The entrance to Chez Panisse in Berkeley, California. Calton/Wikipedia, CC BY-SA

Happy 50th birthday to Chez Panisse, the Berkeley restaurant that launched farm-to-fork eating

When a small restaurant called Chez Panisse opened its doors 50 years ago in Berkeley, California, it wasn’t obvious that it would change how Americans thought about eating. The first menu on Aug. 28, 1971, was pâté baked in pastry, duck with olives, a salad and an almond tart, served for a fixed price of US$3.95. There were too many waiters and not enough utensils.

But this seemingly quirky eatery’s food was more vivid and flavorful than that of French restaurants that were more elegant and expensive. Alice Waters, who founded and still runs Chez Panisse, didn’t invent gourmet food; as I write in my book “Ten Restaurants that Changed America,” her great innovation was to orient fine dining toward primary ingredients.

Today, Americans value local, seasonal and artisanal products on restaurant menus and at the market. The importance of starting with good-quality ingredients seems so obvious that it’s hard to understand why this was an alien idea 50 years ago.

Alice Waters looks over rows of vegetables.
Alice Waters, executive chef and owner of Chez Panisse, at a farmers market in 2009. AP Photo/Susan Walsh

Beyond French cuisine

Despite some grumbling about tasteless tomatoes, restaurant diners and shoppers in the 1970s cared primarily about low prices and the availability of a variety of products regardless of season. Where food came from and even what it tasted like were less important.

In 1970, the food writer Mimi Sheraton commented, “You can’t buy an unwaxed cucumber in this country … we buy over-tenderized meat and frozen chicken … food is marketed and grown for the purpose of appearances.”

At that time, high-end dining was still defined, as it had been for 300 years, by France. There, basic products such as chickens from Bresse, oysters from Belon or saffron from Quercy were exemplary and sought-after. Elsewhere, imitators were more preoccupied with sauces, technique and fashion than with what actually went into their dishes.

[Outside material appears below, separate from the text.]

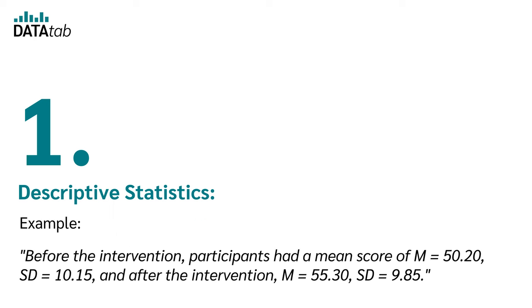Before the intervention, participants had a mean score of M equal to 50.20, SD equal to 10.15, and after the intervention M equal to 55.30, SD equal to 9.85.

Even if chefs wanted better raw materials, the industrialization of U.S. agriculture and livestock production made them difficult or impossible to find. “Dining at the Pavillon,” a 1962 book about New York’s Le Pavillon, quoted its notoriously arrogant owner, Henri Soulé, ruefully observing that he was unable to obtain things that the ordinary French shopper took for granted: young partridges, primeurs (early spring vegetables), Mediterranean fish like red mullet or rascasse and properly aged cheeses. In the United States, alas, “Everything is fresh all year round and is never quite fresh, if you see what I mean.”

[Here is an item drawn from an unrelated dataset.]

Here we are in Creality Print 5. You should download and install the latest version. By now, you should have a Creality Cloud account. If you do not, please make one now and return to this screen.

Waters firmly believed that a restaurant could be no better than the ingredients it had to work with. But she struggled to find high-quality foods. Produce was the hardest, and attempts to create a farm run by the restaurant failed. Besides a few Chinese and Japanese markets, the restaurant had to depend on urban gardeners and foragers who knew where to find wild mushrooms and watercress. In 1989, Waters still found it challenging to obtain good butter, olives or prosciutto.

Chez Panisse’s menus were carefully faithful to French models in its early years. Then, between 1977 and 1983, the restaurant gradually shifted to what would become its focus: “California” or “New American” cuisine. Beef bourguignon and duck with olives were out; spicy crab pizza and warm goat cheese salad were in. As farmers and foragers realized there was a market for seasonal local products, they started producing for it – laying the foundation for today’s farm-to-table movement.

Cathy Pavlos, chef-owner of the restaurant Provenance in Newport Beach, California, explains what California cuisine is and how it has evolved since Alice Waters helped launch the movement in the 1970s.

Driving a food movement

Many other California restaurants and chefs helped catalyze this revolutionary turn to local ingredients and an eclectic aesthetic. Chez Panisse alumni Mark Miller and Judy Rodgers went on to found new restaurants that explored beyond the modified Mediterranean aesthetic that inspired Waters. Another Chez Panisse veteran, Jeremiah Tower, created a more aggressively elegant cuisine at his San Francisco restaurant Stars.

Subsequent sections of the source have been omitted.